Membaca buku Pak Djon, “Aku Datang, Aku Lapar, Aku Pulang” yang berkisah tentang kedekatan relasinya dengan Affandi, membawa kita pada gambaran yang lebih riil atas seniman yang menjadi legenda dalam sejarah seni Indonesia. Pak Djon menggambarkan Affandi sebagai sosok yang unik di tengah kehidupan kosmopolitannya. Ya, memang tidak bisa disangkal bahwa Affandi merupakan pelopor dalam masuknya Indonesia dalam peta seni internasional, terutama pada tahun 1950an ketika ia menggelar pameran besar di New York dan terlibat dalam perhelatan penting seperti Venice Biennale dan Sao Paulo Biennale.
Menelusuri kembali gagasan internasionalisme, pada 1950an ini, untuk bangsa yang masih belia seperti Indonesia, ada banyak temuan menarik yang menunjukkan bagaimana politisi, diplomat, kaum intelektual dan seniman pada masa itu telah bergerak menjadi bagian dari arus dunia.
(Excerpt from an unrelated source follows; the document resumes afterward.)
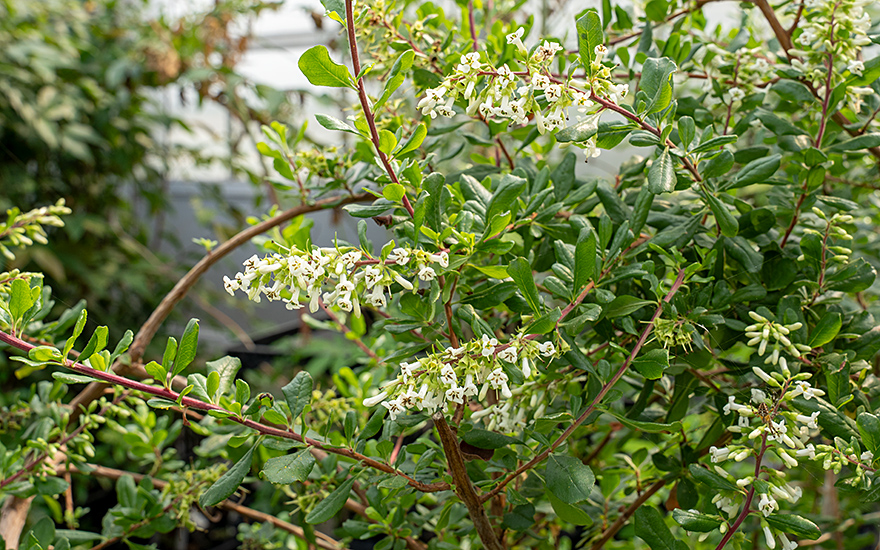 Chachacoma (Pflanze)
Meskipun terpecah ideologi, pada masa ini justru kita mewarisi banyak perdebatan bermutu tentang identitas ke-Indonesia-an, dan sekaligus kita melihat bagaimana Negara mengambil peran dalam merespon dinamika internasional dan politik kebudayaan di tingkat lokal. Soekarno, Presiden Pertama Indonesia, membuka misi-misi diplomatik di seantero dunia, dan ia sendiri melakukan perjalanan kenegaraan secara rutin ke luar negeri, misalnya ke Amerika Serikat dan terutama ke Negara blok sosialis seperti Cina, Jepang, Timur Tengah dan Afrika. Jennifer Lindsay menyebut dalam pengantar buku “Ahli Waris Budaya Dunia”, mimpi Soekarno, yang juga terefleksi dalam pemikiran-pemikiran intelektual pada masa itu, menjadi Indonesia berarti menjadi modern. Ada rasa girang terhadap “kebaruan” menjadi “terlahir” sebagai bangsa dan warga baru. Kata-kata “baru”, “lahir” dan “modern” merembes ke tulisan-tulisan periode tersebut.
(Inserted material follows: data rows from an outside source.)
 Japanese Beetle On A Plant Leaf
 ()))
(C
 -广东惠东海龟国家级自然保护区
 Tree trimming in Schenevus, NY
Secara umum, penelitian mengenai bagaimana Indonesia dipanggungkan dalam dunia seni internasional ini sendiri banyak terinspirasi oleh penelitian Jeniffer Lindsay dan kawan-kawan, yang berfokus pada periode 1950 – 1960. Buku “Ahli Waris Budaya Dunia” memberikan gambaran penting bagaimana Negara menempatkan kebudayaan sebagai alat dasar untuk memahami Indonesia pada zaman itu. Salah satu ilustrasi dari nilai penting kebudayaan adalah bagaimana di tengah perjuangan dan pergolakan untuk mempertahankan kemerdekaan pada 1948, di mana kekuasaan Republik masih sebatas di beberapa bagian Sumatera dan Jawa, pemerintah menggelar Kongres Kebudayaan yang pertama di Magelang. Lindsay kemudian mencatat bahwa pada akhirnya, sebagaian besar penelitian tentang kebudayaan pada masa 1950 hingga 1960an banyak berfokus pada sastra atau sebagian kecil mengenai film, yang terutama menyajikan perdebatan-perdebatan tentang Lekra dan Manikebu, sehingga jarang memberi ruang pada fenomena budaya lain di masa itu.
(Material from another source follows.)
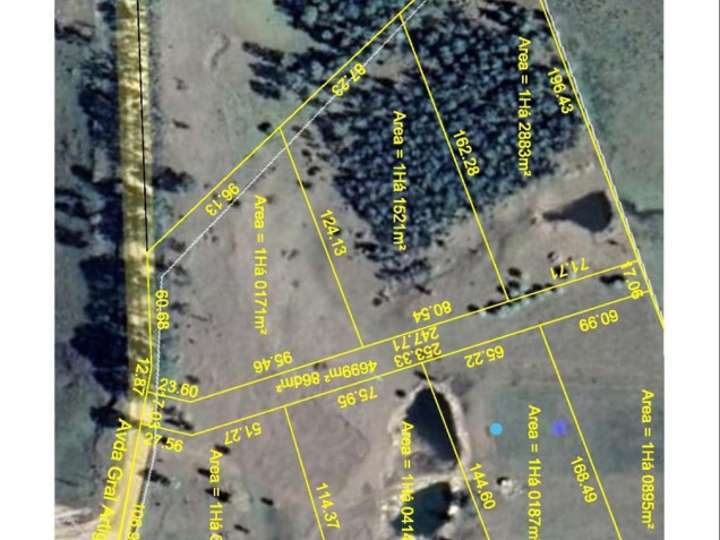 Granja en venta en Avenida General Artigas, Guichón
Menggabungkan catatan-catatan personal tentang kehidupan para seniman besar dengan penelitian ilmiah dari para sarjana seperti Jeniffer Lindsay memberi gambaran menarik tentang dinamika menjadi Indonesia di mata para pekerja seni, dari satu periode ke periode yang lain, terutama untuk melihat siapa yang menjadi agen dari internasionalisasi seni. Setelah 1965, setelah rezim Soekarno jatuh dan tampak bahwa Soeharto tidak memberi ruang signifikan pada diplomasi kebudayaan, siapa yang menjadi aktor dalam upaya memanggungkan Indonesia? Apakah seniman sebagai individu, sebagai yang tercatat pada Affandi, merupakan agen yang signifikan pada masa Orde Baru? Jika Soekarno tertarik pada gagasan mengenai Indonesia sebagai bagian dari warga dunia, maka gagasan apa yang mendasari kebijakan politik kebudayaan pada masa sesudahnya? Adakah agen-agen lain yang berperan dalam memanggungkan Indonesia di panggung internasional ketika peran Negara tidak dominan? Apakah narasi dan ideologi yang mendasari para agen ini berseberangan atau beriringan dengan ideologi kebudayaan pasca Orde Lama? [bersambung]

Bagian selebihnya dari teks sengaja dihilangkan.